# [Task statement]
Give back exactly the lines of the material below, starting with the line with "PREMIUM Amplifier Embassy" and going on through the line with "New York Giants".

# [Data records]
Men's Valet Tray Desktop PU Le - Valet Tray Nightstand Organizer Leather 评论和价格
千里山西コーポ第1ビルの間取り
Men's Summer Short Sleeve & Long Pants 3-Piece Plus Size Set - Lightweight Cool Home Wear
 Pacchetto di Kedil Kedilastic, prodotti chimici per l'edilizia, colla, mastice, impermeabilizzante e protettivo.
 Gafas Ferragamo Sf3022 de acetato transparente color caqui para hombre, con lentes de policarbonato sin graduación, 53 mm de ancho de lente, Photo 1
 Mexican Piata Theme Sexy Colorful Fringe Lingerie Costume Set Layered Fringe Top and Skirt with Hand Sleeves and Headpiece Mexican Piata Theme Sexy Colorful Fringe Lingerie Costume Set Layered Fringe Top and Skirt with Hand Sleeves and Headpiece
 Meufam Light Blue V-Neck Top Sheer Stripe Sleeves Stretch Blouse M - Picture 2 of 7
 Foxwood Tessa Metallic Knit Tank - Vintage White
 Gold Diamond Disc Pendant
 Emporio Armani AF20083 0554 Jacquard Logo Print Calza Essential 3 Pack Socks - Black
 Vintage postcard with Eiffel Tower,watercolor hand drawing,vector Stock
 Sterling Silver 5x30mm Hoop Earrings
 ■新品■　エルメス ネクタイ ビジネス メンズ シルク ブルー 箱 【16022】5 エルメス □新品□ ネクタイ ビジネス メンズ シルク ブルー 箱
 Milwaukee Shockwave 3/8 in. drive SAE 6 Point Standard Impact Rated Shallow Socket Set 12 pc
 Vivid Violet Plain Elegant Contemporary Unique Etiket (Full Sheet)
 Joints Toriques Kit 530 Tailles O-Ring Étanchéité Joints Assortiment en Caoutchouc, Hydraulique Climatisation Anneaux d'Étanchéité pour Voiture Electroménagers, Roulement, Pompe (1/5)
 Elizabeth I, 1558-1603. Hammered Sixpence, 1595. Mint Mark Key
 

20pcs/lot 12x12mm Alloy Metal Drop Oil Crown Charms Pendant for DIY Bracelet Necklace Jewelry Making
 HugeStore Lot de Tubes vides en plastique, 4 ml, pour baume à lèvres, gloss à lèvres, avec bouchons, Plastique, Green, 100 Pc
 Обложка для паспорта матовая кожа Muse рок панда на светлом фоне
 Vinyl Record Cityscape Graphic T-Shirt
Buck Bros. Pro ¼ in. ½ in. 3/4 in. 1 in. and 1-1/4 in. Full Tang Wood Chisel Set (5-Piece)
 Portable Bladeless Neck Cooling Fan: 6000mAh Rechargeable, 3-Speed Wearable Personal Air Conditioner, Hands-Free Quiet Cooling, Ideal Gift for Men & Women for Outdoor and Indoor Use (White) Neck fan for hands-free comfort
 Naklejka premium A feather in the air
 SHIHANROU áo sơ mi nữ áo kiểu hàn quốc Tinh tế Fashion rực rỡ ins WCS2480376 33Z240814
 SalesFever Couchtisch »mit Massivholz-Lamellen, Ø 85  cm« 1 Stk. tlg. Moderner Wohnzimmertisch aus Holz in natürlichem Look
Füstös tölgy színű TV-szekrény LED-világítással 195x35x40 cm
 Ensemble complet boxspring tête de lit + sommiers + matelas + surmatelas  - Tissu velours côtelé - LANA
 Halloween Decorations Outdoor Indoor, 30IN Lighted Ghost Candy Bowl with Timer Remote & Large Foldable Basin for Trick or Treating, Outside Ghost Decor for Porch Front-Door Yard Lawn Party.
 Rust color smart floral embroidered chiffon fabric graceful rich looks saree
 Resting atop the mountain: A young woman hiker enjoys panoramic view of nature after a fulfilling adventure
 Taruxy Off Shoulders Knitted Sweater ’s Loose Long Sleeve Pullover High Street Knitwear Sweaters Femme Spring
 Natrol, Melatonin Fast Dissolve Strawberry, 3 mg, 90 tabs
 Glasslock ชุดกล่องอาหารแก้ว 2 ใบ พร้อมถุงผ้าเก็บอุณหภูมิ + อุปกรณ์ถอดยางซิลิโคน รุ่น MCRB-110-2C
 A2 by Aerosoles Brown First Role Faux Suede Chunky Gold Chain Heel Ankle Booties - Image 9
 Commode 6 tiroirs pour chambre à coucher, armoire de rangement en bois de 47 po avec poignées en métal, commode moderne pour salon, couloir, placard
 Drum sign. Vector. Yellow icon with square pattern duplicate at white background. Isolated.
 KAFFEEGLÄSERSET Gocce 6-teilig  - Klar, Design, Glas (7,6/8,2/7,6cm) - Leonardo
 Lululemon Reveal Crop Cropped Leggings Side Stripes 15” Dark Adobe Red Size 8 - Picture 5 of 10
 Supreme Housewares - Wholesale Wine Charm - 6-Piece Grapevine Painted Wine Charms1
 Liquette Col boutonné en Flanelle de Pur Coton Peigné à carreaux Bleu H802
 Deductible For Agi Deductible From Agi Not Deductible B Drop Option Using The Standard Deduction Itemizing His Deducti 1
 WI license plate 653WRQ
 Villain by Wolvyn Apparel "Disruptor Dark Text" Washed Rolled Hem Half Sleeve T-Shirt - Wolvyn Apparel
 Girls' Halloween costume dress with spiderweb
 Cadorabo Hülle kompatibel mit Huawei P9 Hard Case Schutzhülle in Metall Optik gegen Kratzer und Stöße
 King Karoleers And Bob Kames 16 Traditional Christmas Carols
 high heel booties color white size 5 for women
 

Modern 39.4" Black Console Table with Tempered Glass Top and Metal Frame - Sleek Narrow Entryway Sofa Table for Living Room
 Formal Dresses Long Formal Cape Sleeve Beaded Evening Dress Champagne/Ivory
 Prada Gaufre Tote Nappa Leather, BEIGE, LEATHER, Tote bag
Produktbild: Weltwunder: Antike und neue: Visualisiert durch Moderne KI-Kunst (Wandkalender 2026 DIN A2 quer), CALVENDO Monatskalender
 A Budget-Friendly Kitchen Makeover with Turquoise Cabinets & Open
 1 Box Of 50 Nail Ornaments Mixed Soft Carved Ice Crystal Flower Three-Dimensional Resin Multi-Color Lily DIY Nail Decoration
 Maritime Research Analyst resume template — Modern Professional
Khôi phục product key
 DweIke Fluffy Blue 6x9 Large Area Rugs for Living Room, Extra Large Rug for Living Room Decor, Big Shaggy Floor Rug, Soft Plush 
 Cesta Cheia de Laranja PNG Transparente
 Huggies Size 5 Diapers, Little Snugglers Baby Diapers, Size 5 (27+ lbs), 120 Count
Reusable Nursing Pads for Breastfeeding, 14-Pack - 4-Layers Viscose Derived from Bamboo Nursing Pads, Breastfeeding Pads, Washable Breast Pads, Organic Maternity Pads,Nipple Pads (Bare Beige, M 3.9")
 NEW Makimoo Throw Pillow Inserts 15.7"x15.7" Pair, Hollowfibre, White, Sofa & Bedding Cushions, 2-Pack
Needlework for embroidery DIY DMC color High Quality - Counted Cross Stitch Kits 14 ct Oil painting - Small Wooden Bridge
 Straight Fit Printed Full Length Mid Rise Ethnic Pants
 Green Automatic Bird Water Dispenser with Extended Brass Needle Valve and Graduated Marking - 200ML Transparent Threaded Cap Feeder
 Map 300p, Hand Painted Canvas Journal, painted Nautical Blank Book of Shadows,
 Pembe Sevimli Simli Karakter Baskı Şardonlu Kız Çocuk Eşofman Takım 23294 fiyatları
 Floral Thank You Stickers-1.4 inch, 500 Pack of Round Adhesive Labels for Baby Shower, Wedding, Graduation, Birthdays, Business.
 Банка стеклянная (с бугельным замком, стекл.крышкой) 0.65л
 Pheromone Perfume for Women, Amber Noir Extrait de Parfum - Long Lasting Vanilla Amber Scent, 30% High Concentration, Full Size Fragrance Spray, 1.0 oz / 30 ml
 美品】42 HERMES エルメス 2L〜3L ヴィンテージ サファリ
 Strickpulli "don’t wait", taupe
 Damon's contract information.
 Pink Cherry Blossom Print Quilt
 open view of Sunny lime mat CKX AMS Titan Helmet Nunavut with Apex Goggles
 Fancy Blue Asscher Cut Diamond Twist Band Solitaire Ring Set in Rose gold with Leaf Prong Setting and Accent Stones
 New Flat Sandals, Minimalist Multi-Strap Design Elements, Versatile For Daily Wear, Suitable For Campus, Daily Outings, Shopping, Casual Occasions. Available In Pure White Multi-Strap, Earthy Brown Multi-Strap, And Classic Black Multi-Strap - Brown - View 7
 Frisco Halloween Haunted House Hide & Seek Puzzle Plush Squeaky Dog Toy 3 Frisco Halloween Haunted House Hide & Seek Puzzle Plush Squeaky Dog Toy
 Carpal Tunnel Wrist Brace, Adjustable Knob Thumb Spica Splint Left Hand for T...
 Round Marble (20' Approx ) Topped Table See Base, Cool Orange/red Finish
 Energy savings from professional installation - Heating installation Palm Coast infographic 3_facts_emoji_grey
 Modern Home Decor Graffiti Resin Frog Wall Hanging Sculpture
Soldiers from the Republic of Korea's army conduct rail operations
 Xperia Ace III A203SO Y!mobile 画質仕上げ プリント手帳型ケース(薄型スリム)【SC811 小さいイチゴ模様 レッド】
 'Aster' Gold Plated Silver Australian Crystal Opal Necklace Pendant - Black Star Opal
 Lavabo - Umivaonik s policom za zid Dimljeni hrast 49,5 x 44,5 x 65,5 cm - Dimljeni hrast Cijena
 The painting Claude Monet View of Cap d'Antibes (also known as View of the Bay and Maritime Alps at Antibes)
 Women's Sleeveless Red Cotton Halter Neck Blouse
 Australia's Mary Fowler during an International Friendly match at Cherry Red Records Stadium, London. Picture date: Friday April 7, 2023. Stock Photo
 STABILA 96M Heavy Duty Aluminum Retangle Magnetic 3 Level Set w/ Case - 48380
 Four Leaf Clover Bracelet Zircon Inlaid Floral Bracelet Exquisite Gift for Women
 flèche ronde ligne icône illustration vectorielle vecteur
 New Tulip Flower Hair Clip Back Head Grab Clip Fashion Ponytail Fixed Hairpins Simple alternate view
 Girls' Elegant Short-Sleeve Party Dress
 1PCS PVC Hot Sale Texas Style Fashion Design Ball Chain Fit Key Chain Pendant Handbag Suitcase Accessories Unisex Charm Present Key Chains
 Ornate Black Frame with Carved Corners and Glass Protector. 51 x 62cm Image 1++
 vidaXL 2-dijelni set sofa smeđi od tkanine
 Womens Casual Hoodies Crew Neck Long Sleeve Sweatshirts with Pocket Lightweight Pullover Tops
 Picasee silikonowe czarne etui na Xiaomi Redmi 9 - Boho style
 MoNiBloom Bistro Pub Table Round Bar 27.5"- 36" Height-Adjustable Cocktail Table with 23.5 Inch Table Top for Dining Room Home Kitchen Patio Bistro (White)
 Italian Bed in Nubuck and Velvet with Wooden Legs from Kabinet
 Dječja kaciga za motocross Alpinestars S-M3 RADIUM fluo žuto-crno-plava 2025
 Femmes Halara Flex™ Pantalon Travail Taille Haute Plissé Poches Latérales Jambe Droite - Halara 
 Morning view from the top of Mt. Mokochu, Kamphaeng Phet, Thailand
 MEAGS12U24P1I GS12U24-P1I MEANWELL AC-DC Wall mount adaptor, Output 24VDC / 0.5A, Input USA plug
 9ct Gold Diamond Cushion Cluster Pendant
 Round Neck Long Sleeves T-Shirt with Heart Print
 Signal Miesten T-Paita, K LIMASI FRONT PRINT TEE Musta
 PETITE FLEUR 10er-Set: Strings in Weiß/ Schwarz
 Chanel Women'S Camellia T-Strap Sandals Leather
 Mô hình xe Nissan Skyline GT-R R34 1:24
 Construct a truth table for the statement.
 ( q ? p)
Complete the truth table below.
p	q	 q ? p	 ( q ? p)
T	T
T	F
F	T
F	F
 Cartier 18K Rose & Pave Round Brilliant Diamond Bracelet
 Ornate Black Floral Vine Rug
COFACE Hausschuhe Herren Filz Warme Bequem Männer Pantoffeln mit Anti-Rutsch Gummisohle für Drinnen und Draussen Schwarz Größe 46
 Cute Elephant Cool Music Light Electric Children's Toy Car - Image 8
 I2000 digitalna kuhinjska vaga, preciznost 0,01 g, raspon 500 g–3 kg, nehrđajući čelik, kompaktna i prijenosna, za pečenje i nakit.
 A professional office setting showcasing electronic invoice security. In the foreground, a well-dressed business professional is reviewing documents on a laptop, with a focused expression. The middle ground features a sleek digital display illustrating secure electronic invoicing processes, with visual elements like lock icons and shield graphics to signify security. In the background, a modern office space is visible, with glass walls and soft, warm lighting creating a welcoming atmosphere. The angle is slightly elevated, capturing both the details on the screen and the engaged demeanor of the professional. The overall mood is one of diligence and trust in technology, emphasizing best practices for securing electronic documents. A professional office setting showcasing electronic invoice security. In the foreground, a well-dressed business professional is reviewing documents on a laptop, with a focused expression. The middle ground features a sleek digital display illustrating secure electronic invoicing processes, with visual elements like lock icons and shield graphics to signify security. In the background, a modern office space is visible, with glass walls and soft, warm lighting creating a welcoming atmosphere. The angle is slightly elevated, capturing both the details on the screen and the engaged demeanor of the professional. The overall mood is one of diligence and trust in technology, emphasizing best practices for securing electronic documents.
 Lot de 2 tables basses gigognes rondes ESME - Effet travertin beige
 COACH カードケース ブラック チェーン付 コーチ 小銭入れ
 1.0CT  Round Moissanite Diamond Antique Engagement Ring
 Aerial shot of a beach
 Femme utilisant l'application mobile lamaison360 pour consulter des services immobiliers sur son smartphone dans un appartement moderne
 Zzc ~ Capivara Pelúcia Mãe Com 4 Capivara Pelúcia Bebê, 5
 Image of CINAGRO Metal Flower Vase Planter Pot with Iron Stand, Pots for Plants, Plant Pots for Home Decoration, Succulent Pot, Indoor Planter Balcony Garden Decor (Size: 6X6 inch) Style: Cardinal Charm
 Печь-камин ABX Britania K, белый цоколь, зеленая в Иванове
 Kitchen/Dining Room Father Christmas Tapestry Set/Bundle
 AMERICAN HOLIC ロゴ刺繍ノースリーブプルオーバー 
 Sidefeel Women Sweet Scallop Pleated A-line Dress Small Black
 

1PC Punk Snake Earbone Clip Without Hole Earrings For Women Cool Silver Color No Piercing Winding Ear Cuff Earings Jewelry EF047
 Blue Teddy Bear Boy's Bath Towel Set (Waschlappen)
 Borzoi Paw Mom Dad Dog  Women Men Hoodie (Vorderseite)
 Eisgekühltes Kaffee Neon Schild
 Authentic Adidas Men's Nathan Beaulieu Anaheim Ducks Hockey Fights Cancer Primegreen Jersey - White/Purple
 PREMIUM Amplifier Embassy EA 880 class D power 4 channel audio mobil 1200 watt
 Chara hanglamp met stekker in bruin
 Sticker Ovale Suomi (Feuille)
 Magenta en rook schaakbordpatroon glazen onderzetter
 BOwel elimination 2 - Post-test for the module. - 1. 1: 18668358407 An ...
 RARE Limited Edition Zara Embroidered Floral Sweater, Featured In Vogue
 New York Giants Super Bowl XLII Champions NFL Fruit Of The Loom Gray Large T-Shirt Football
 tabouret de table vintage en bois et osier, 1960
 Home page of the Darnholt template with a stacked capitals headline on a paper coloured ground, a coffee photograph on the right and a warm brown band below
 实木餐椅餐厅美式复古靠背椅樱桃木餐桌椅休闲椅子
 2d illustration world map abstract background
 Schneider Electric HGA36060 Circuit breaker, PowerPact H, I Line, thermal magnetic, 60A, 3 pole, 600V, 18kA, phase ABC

# [Answer area]
 PREMIUM Amplifier Embassy EA 880 class D power 4 channel audio mobil 1200 watt
 Chara hanglamp met stekker in bruin
 Sticker Ovale Suomi (Feuille)
 Magenta en rook schaakbordpatroon glazen onderzetter
 BOwel elimination 2 - Post-test for the module. - 1. 1: 18668358407 An ...
 RARE Limited Edition Zara Embroidered Floral Sweater, Featured In Vogue
 New York Giants Super Bowl XLII Champions NFL Fruit Of The Loom Gray Large T-Shirt Football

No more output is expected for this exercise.